**Description of the task:** Please return every line in the following data that includes the string "view".

**Listed entries:**
·····

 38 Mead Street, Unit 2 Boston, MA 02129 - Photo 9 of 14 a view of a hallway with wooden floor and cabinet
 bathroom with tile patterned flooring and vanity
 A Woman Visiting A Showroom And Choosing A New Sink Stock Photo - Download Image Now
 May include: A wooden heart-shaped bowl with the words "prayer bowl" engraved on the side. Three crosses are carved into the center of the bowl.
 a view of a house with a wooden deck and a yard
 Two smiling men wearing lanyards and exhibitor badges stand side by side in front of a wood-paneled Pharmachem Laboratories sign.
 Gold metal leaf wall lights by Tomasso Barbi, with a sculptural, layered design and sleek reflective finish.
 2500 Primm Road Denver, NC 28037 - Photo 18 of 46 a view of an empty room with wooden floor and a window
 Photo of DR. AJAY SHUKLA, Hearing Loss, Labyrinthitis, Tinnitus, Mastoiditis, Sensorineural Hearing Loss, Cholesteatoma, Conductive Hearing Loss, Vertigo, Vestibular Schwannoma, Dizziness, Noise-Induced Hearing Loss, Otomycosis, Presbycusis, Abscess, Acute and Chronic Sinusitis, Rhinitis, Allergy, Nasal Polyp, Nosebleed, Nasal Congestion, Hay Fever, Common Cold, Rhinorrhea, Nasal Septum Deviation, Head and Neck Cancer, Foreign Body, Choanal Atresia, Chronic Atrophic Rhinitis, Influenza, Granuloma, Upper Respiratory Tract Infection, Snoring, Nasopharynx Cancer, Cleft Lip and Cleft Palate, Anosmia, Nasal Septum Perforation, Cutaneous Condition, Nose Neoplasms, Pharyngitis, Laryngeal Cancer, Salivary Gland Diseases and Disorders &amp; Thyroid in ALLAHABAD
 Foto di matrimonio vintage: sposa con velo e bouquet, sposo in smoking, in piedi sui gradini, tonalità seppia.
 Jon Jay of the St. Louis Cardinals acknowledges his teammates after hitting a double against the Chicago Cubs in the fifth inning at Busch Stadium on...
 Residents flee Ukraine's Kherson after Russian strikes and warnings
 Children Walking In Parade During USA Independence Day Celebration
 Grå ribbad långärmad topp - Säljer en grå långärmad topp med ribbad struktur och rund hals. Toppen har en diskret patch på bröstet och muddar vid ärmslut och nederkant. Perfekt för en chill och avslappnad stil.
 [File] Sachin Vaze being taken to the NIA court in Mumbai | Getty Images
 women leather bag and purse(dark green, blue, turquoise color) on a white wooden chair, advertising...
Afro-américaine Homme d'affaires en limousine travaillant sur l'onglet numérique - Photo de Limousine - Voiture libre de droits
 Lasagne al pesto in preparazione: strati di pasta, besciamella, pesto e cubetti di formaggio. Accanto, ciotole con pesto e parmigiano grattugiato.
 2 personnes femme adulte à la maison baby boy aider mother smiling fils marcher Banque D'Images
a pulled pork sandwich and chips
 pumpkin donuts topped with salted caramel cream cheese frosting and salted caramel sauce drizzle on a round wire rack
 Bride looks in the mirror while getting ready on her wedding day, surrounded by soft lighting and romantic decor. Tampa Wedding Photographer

·····

**Solution to the problem:**
 38 Mead Street, Unit 2 Boston, MA 02129 - Photo 9 of 14 a view of a hallway with wooden floor and cabinet
 a view of a house with a wooden deck and a yard
 2500 Primm Road Denver, NC 28037 - Photo 18 of 46 a view of an empty room with wooden floor and a window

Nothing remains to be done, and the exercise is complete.